DESCRIPTION OF THE TASK: When you transcribe the listing that follows, keep every line exact and skip any picture.

** GIVEN DATA follows **

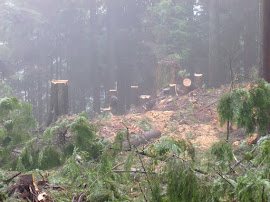 The Rape of Mountain View Park Wetland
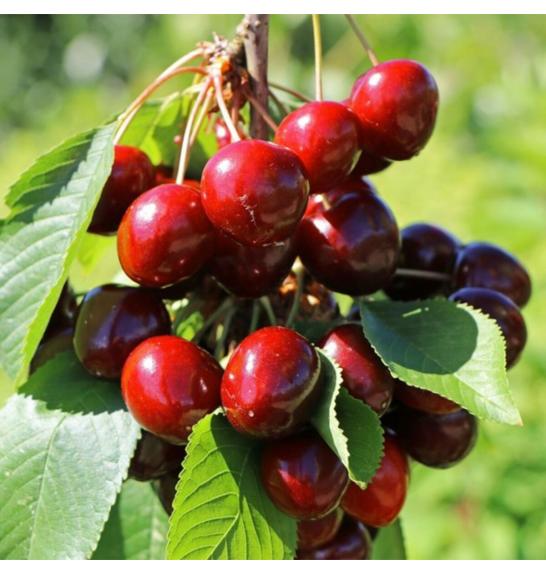 Prunus avium Maynard C5 Lit. 60-80 cm Stebričasta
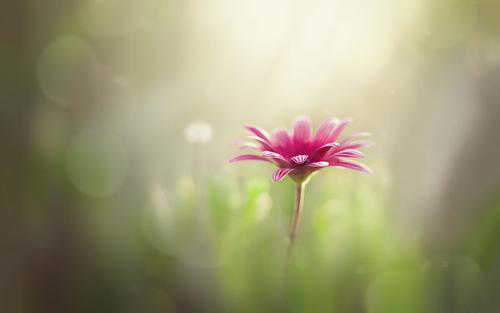 ΢��Ψ������˵˵����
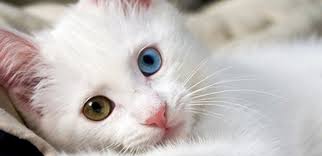 Kedi Turleri Cinsleri Ve Irklari Ilgi Duyulan 50 Kedi Ozelligi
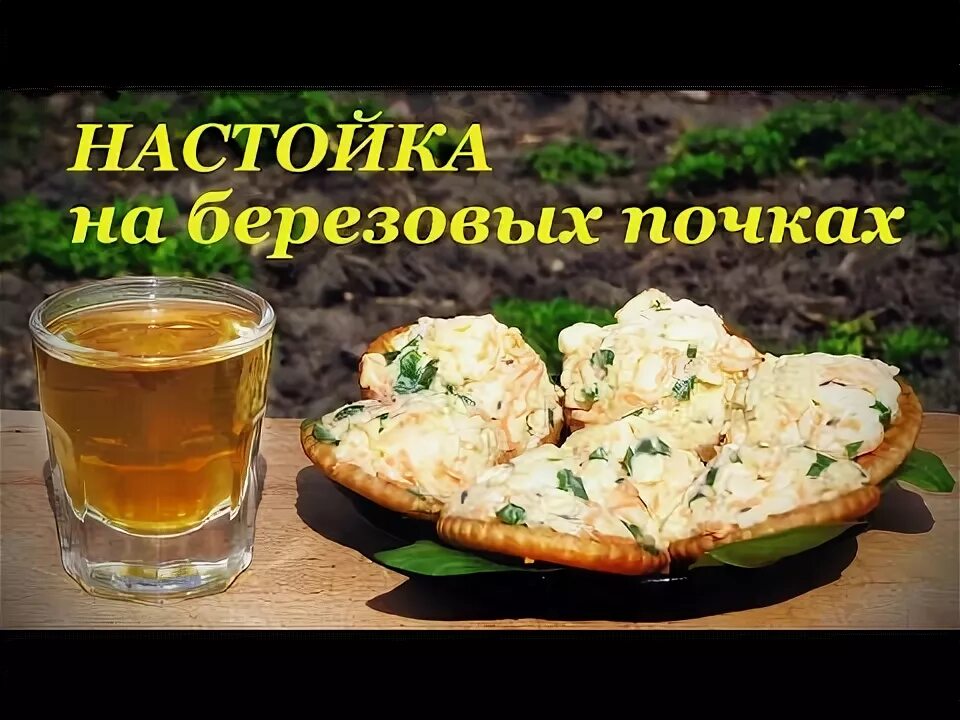 Настойка березовых почек. Отвар хвои. Березовая чага отвар. Настойки на самогоне. Настой почек березы.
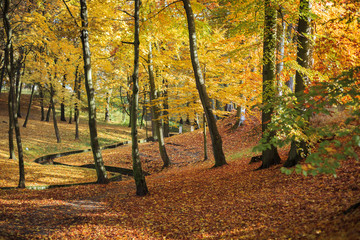 Autumn landscapes in a city park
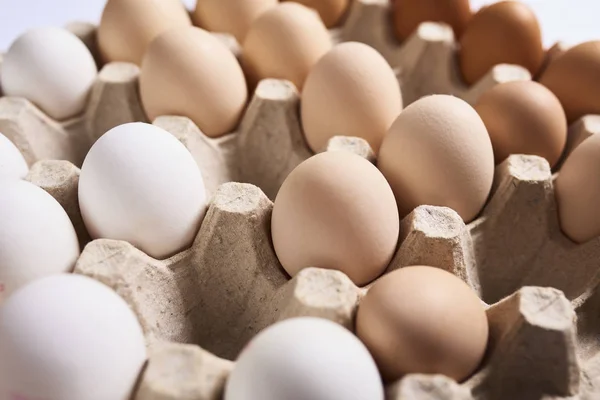 Closeup of chicken eggs laying in carton container.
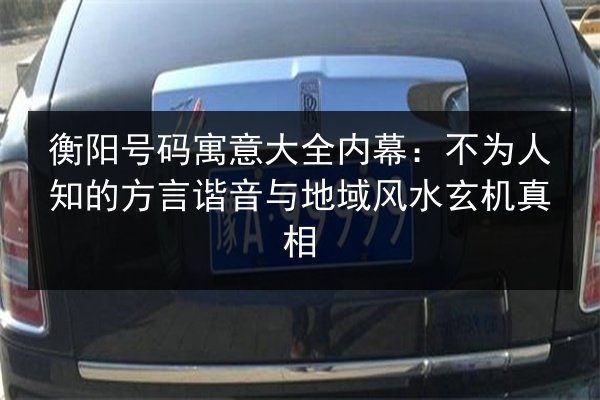 衡阳号码寓意大全内幕：不为人知的方言谐音与地域风水玄机真相 第1张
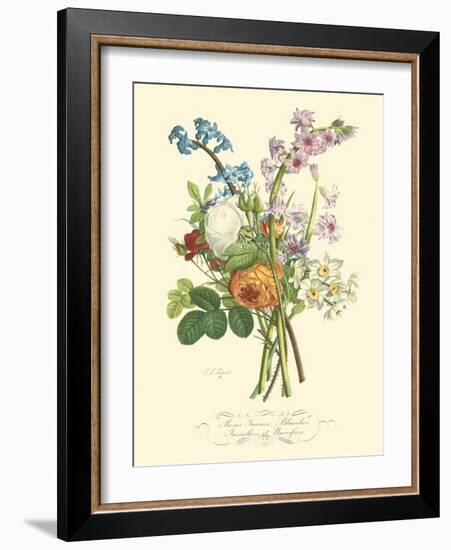 Plentiful Bouquet IV-T.L. Prevost-Framed Art Print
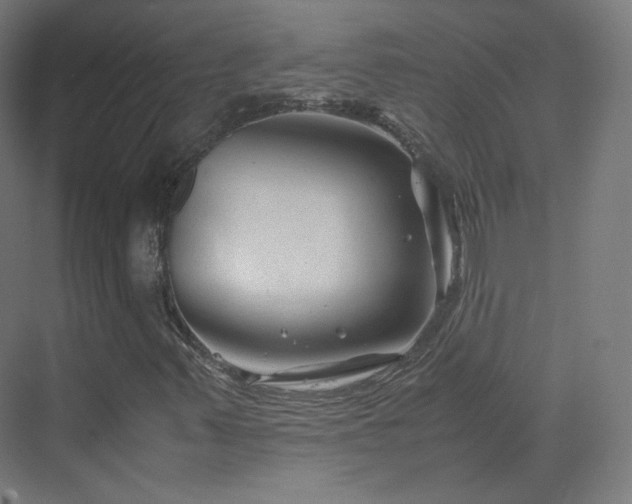 X0000070171347200606021046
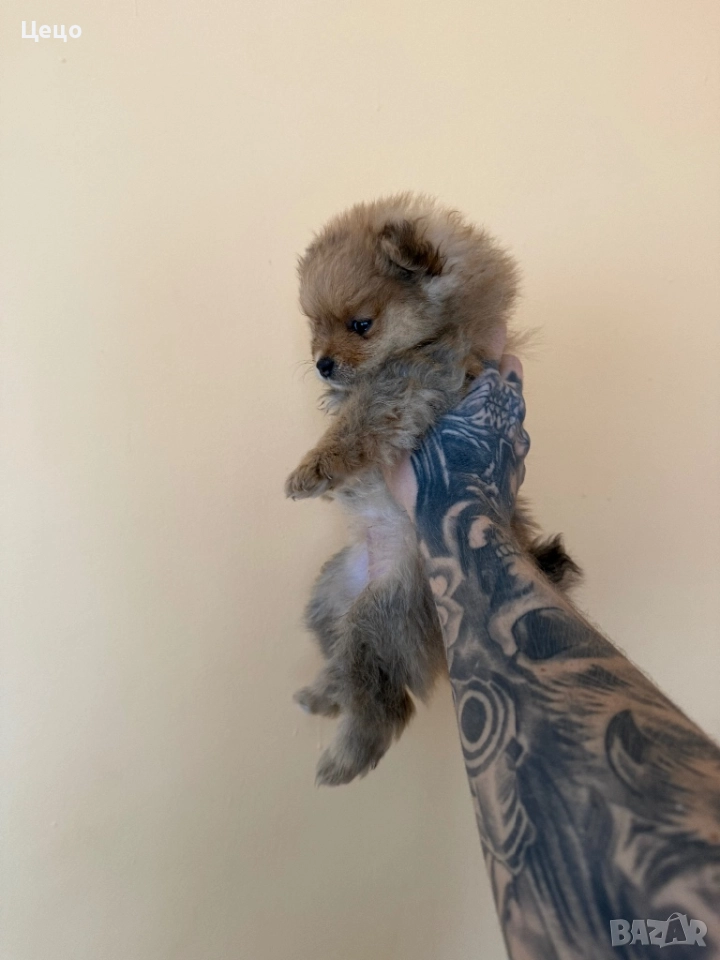 Померан момиче, снимка 1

** End of GIVEN DATA **

ANSWER SECTION:
 The Rape of Mountain View Park Wetland
 Prunus avium Maynard C5 Lit. 60-80 cm Stebričasta
 ΢��Ψ������˵˵����
 Kedi Turleri Cinsleri Ve Irklari Ilgi Duyulan 50 Kedi Ozelligi
 Настойка березовых почек. Отвар хвои. Березовая чага отвар. Настойки на самогоне. Настой почек березы.
 Autumn landscapes in a city park
 Closeup of chicken eggs laying in carton container.
 衡阳号码寓意大全内幕：不为人知的方言谐音与地域风水玄机真相 第1张
 Plentiful Bouquet IV-T.L. Prevost-Framed Art Print
 X0000070171347200606021046
 Померан момиче, снимка 1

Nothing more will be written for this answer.